Arise Therefore takes us along another branch of the Oldham sound. We’re back to the spareness of Days In The Wake yet with quite a different feel to that guitar and vocals solo effort. The main thing is the drum machine which adds a droning rhythmic texture to most tracks, albeit the pace is glacial-slow, and the moods just as downcast and forlorn as ever. In fact, Oldham comes closest to sounding like Bill Callahan’s Smog-era material here in terms of style, although where Callahan’s baritone reaches out and demands you hear his lyrics, Oldham’s reedy whinny is as faint, tentative and unassuming as ever. Unassuming in that once again he’s still on that trajectory where he sounds as if the thought that anyone might actually buy and listen to his records is the furthest thing from his mind.
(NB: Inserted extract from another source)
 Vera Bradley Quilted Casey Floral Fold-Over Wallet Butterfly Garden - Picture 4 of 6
The concept-persona of “Bonnie ‘Prince’ Billy” remains as yet undreamed of. In fact, between Arise Therefore—the last of the ‘Palace’ monikered albums—and I See A Darkness he would revert to “Will Oldham” for a couple of years.
Arise Therefore is not an easy album to get into, and shouldn’t be the point of entry into Oldham’s back catalogue. The tunes are textural, the melodies subtle as ever, but there’s a saminess across these ten tracks that makes it hard to sustain a concentrated listen over the whole album. Yet, that’s the only way to really enjoy it too—by sitting down and really listening to it.
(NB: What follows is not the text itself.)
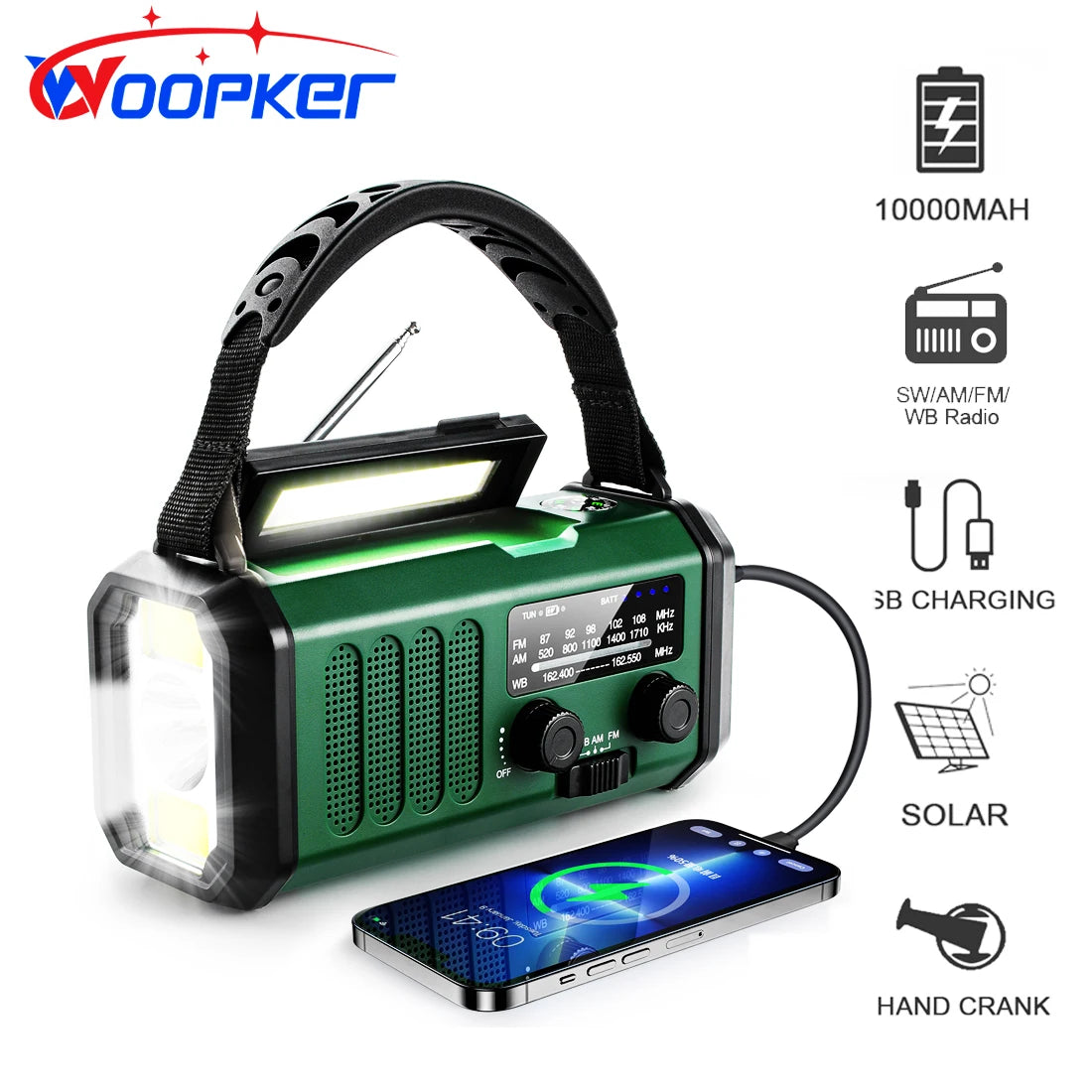 Woopker Radio E30 – Versatile Emergency Companion with 10000mAh Power Bank image 0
Stablemate… revisits the “waiting to leave” theme with the horse metaphor we’ve heard so much of on preceding albums. “How could anyone think anything’s permanent?” asks the narrator in a soft, floating voice. The melancholy agony of waiting is achieved musically through the slow ominous pulse of a programmed beat, one note piano and low bass throb that never changes once through the short song—it’s a track like this that seems to have much in common with mid-period Smog: “I haven’t any reason left in my head to not go away,” complains the poet-singer. And dig the double negative in these lines: “Haven’t you heard I’ve a new invitation / To give to a woman who sits and who works / Whose father does not ever not let her have / Something she wants.” Oldham gives a stoic, resigned touch to his vocal on many of these tracks, the sort of voice that suggests he knows we’ve heard it all before, but this is all he has to offer. From what I can gather, he’s about to leave one stablemate, who plays mind games, for another who puts real effort into loving. This song has an otherworldly quality about it—quite beautiful and strange.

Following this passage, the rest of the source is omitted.